Finalement, les journalistes aussi avaient des doutes. De nombreux hommes qui travaillaient au World Trade Center avaient une barbiche et une peau foncée. À ce jour, il n’a pas été définitivement établi quel nom se cache derrière la personne tombée. Ce n’était pas Norberto Hernández, comme l’a finalement prouvé un T-shirt orange.

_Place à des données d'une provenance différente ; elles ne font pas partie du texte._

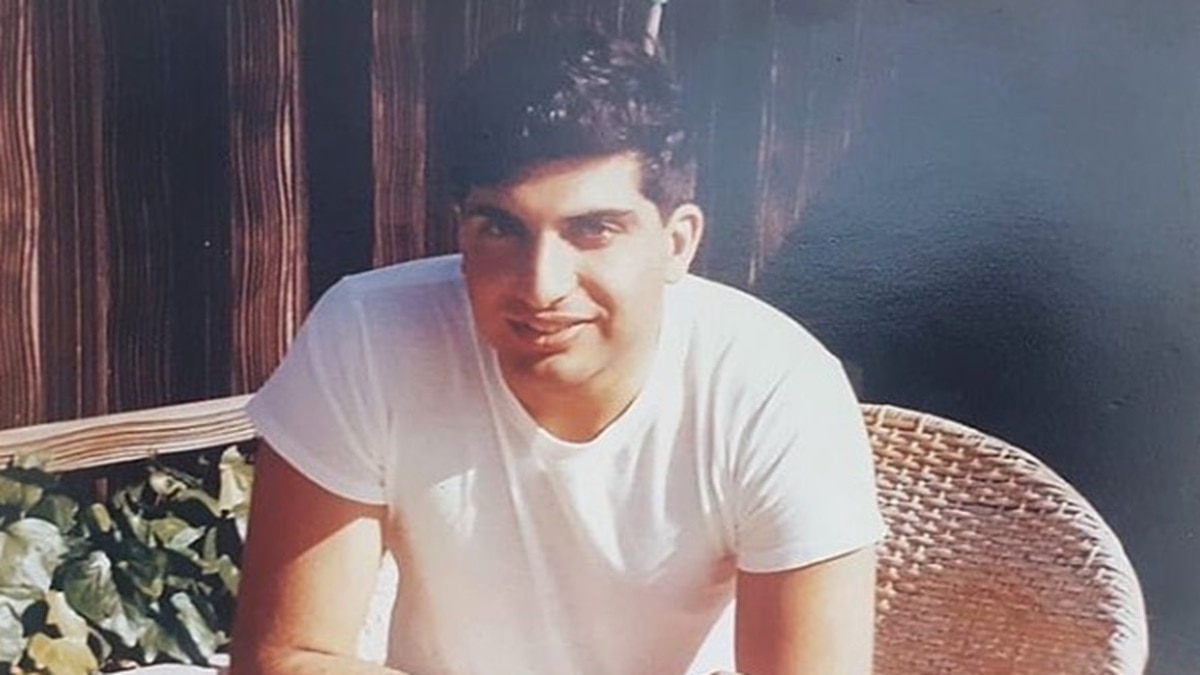 Ratan Tata Life Journey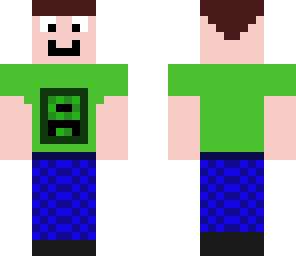 minecraft fan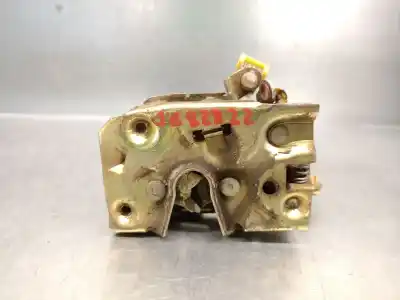 Second-hand car spare part front right door lock for ford explorer (u2, u_) 4.0 v6 4wd oem iam references f87z7821812aa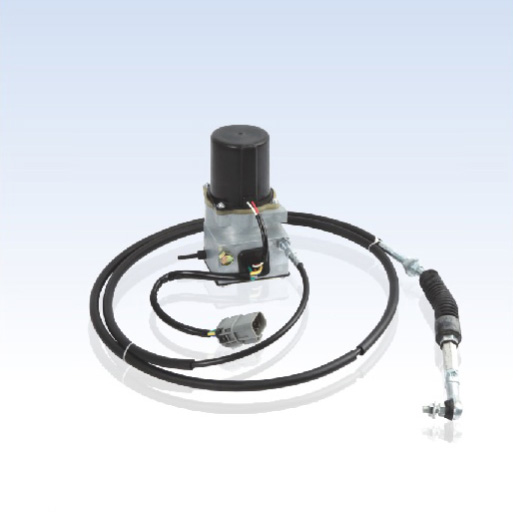 DAEWOO DH220-5 Motor (Column)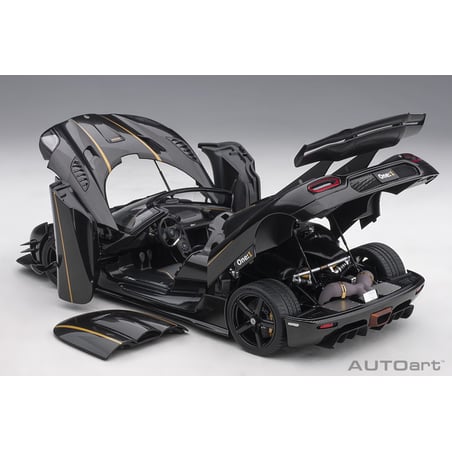 Autoart 1/18 Koenigsegg One:1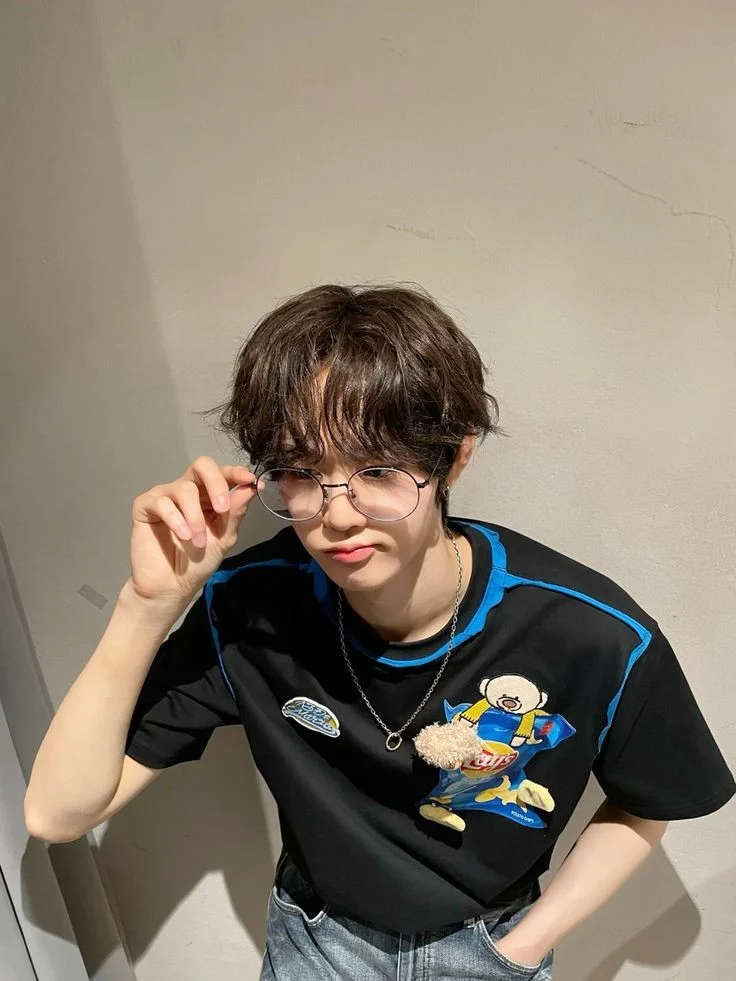 EVNNE Ji Yunseo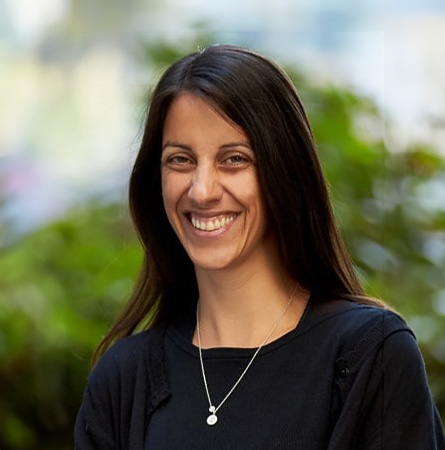 Margarita Calvo, PhD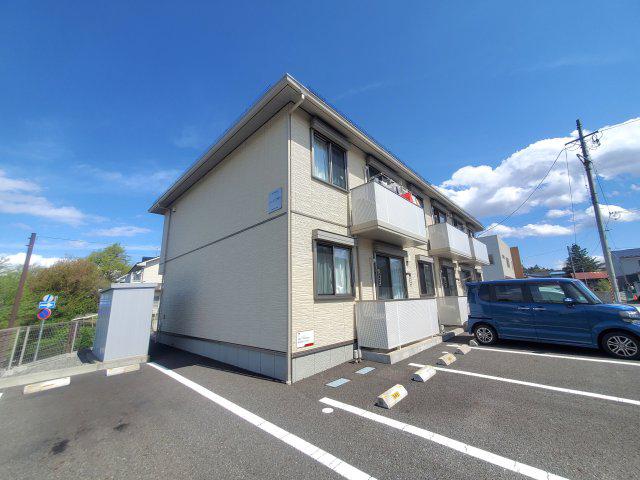 シャーメゾン梨木町
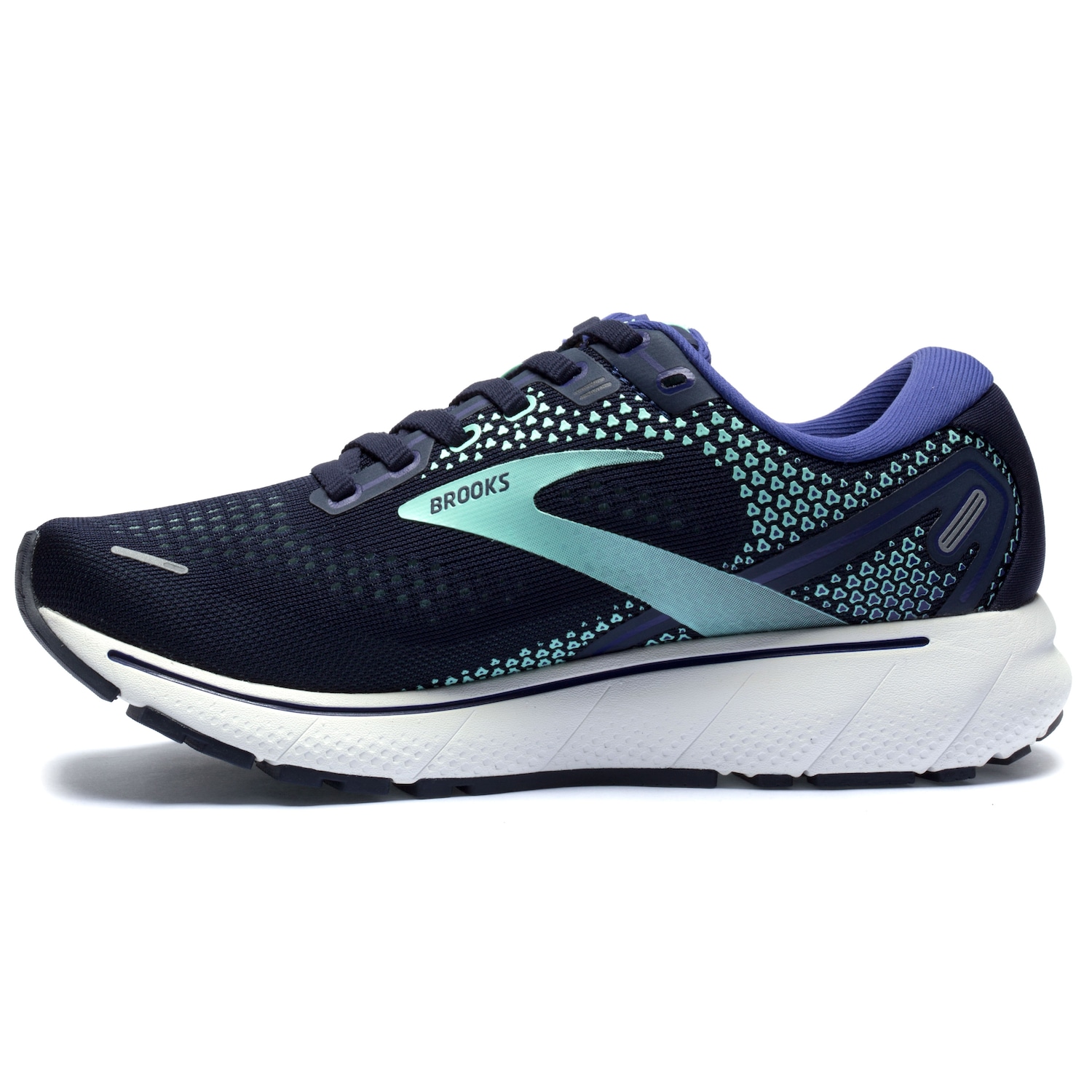 Tênis Brooks Ghost 14 Feminino - Foto 3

The Falling Man n’est pas la seule victime non identifiée des attentats du 11 septembre. Vingt ans plus tard, l’identité de 40 pour cent des près de 3 000 morts reste floue. Malgré les efforts intensifs du département médico-légal de New York, le processus avance lentement : depuis 2013, les restes de cinq personnes seulement ont été identifiés. Pour les proches, cette certitude tardive est à la fois bouleversante et libératrice. « Cela rappelle ce jour-là, la façon terrible dont ils sont morts », a déclaré Mary Fetchet, qui a perdu son fils de 24 ans, dans une interview accordée à l’agence de presse autrichienne en 2018. « Mais cela vous apporte également un certain réconfort lorsque vous pouvez offrir à vos proches des funérailles dignes de ce nom. »

Mais pourquoi l’identification de plus de 1000 personnes échoue-t-elle ? Des équipes spécialisées venues de tout le pays ont récupéré 22 000 morceaux d’os et de tissus dans les décombres des Twin Towers dans les mois qui ont suivi l’attaque. En 2006, le bureau du médecin légiste de New York a même retrouvé des restes humains dans le bâtiment de la Deutsche Bank, gravement endommagé par l’effondrement de parties de la tour sud et démoli en 2007. Le problème : très peu d’échantillons sont intacts. Ils ont été exposés au feu, à la chaleur, au kérosène, à la moisissure, aux bactéries et au soleil à Ground Zero. Tout cela détruit l’information génétique nécessaire à l’identification, l’ADN.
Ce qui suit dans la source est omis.